La semana pasada, el director de cine Roman Polanski, condenado por pedofilia y prófugo de la justicia estadounidense, fue galardonado en los premios César como mejor director por El oficial y el espía. La película recrea el affaire Dreyfus, el juicio de fines del siglo XIX que dejó en evidencia el anquilosado antisemitismo francés, denunciado en su momento por el escritor Émile Zola en la carta abierta “J’accuse”, título original de la película. Hay que reconocer la astucia del director al tomar un caso paradigmático y usarlo como un guiño metahistórico personal. El capitán judío Alfred Dreyfus fue sentenciado injustamente a cadena perpetua acusado de traicionar al ejército francés con los alemanes y se convirtió en símbolo de un punitivismo gatillado por prejuicios sociales. El asunto Dreyfus fue una de las grandes grietas francesas y Polanski logró, como se vio el viernes 28 de febrero, ponerse en el lugar del capitán-víctima y volver a fisurar a la intelectualidad, algo que a esta altura no parece demasiado difícil.

El director no asistió a la ceremonia de los premios César por miedo a las protestas pero tuvo como recompensa el reconocimiento del establishement cinematográfico que esa noche mandó un mensaje claro: la pedofilia no nos importa, el griterío por abuso sexual es histeria de género y siempre vamos a defender a los nuestros. Como si fuera poco, el galardón se le otorgó sólo un par de días después de que el movimiento #MeToo quedara legitimado en la Justicia con la condena por violación al magnate de la industria Harvey Weinstein. Y para matar tres pájaros feministas de un tiro, al elegir como mejor director del año a Polanski se obvió totalmente a Céline Sciama, directora de Retrato de una mujer en llamas - historia de un romance lésbico y película del momento- protagonizada a su vez por Adèle Haenel, quien el año pasado denunció al director de cine Christophe Ruggia por abusos sexuales cuando tenía 12 años. La industria no se anda con sutilezas. Al conocer el premio, Haenel se levantó y abandonó la ceremonia gritando por los pasillos: ¡Viva la pedofilia! El mundo al que pertenece se le estaba riendo en la cara. A ella, pero también a todas las niñas, niños y mujeres víctimas de violación. ¿Qué pasó con la condena multitudinaria al abuso sexual de la Francia revolucionada post affaire Matzneff? Volvió a ser considerado materia opinable. Y reacción de mujeres por goteo que salieron a responder. 

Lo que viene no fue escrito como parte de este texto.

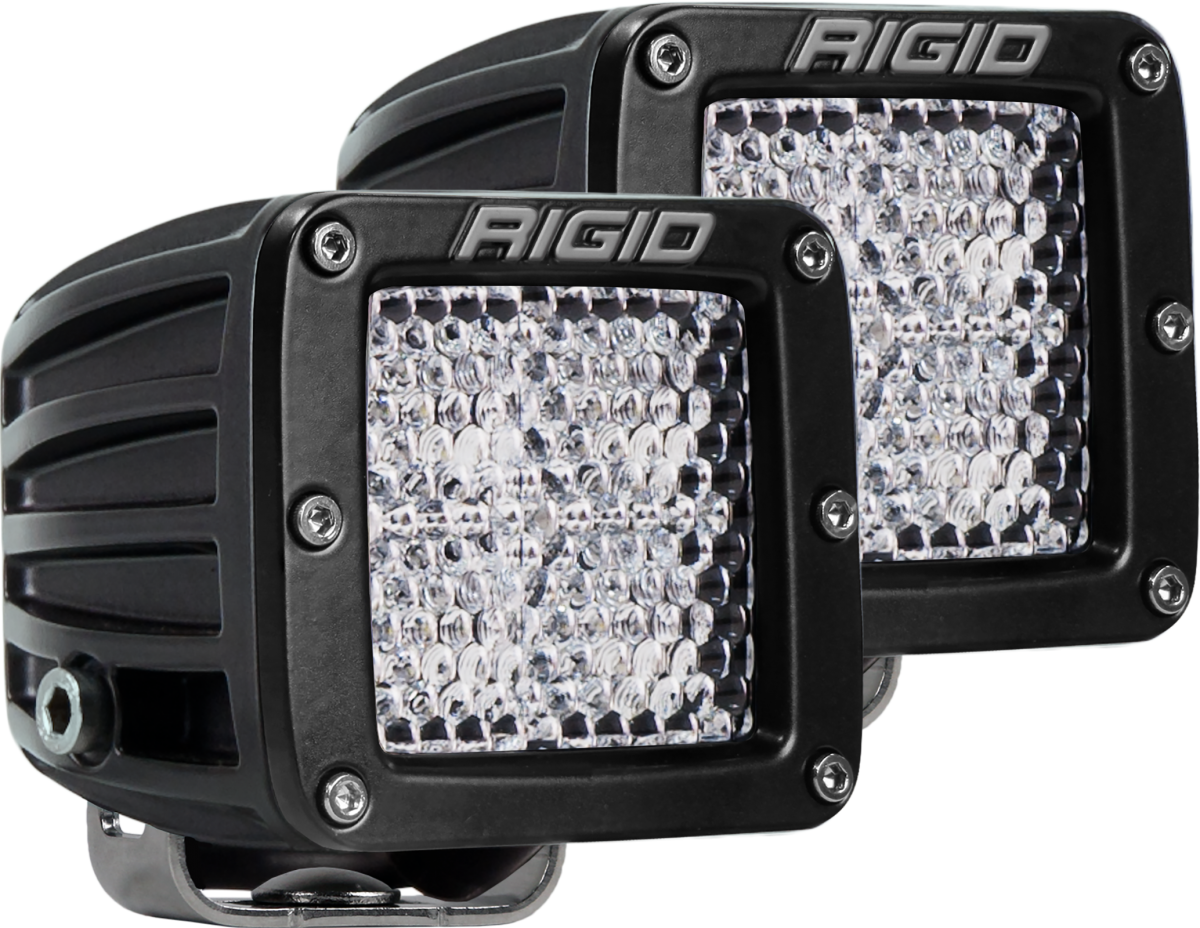 Image of Rigid Industries Diffused Surface Mount Black Pair D-Series Pro 202513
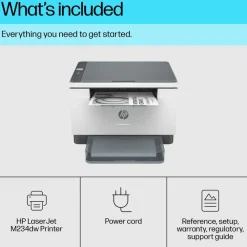HP Skrivere Og Tilbehør|LaserJet MFP M234dw multifunksjonsskriver Trådløs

En un artículo rabioso y potente como un rap publicado dos días después de la ceremonia en el diario Libération, la escritora lesbofeminista Virginie Despentes escribe: “Ustedes, los más poderosos, defienden sus prerrogativas: forma parte de su elegancia, la violación es lo que funda su estilo. La ley los protege, los tribunales son sus dominios, los medios les pertenecen. Y exactamente para esto sirve el poder de sus grandes fortunas: tener el control de los cuerpos declarados subalternos. Los cuerpos que se callan, que no cuentan la historia desde su punto de vista. El tiempo ha llegado para que los más ricos pasen este bello mensaje: a partir de ahora, el respeto que les debemos se extenderá hasta sus pijas manchadas de sangre y mierda de los niños que violan. Que sea en la Asamblea Nacional o en la cultura -aunque intente esconderse o disimular el malestar. Ustedes exigen un respeto entero y constante. Vale para la violación, para las detenciones de su Policía, vale para los César, vale para sus reformas jubilatorias. Así es la política de ustedes: exigir el silencio de las víctimas. Forma parte del territorio, y si hay que trasmitirnos el mensaje mediante el terror, que así sea”.

Hoy y mañana millones de mujeres, lesbianas, travestis y trans saldremos a la calles para protestar contra las violencias machistas y un estado del orden mundial que, a pesar de avances puntuales y lo que diga la épica autocelebratoria de algunos sectores del feminismo, está muy lejos de caer.